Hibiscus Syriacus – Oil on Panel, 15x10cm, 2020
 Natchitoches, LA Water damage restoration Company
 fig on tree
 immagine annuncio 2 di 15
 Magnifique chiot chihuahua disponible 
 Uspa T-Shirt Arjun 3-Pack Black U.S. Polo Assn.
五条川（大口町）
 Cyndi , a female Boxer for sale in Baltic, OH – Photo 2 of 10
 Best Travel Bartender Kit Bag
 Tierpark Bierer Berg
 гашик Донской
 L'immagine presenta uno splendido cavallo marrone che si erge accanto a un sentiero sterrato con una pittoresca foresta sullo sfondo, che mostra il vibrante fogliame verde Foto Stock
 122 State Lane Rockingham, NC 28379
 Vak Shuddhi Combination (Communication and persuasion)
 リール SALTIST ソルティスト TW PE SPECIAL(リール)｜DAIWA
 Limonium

────

*WHAT TO PRODUCE*: Whenever the string "immagine" appears on a line of the material, that line counts; report the count and nothing else.

*SOLUTION*: 2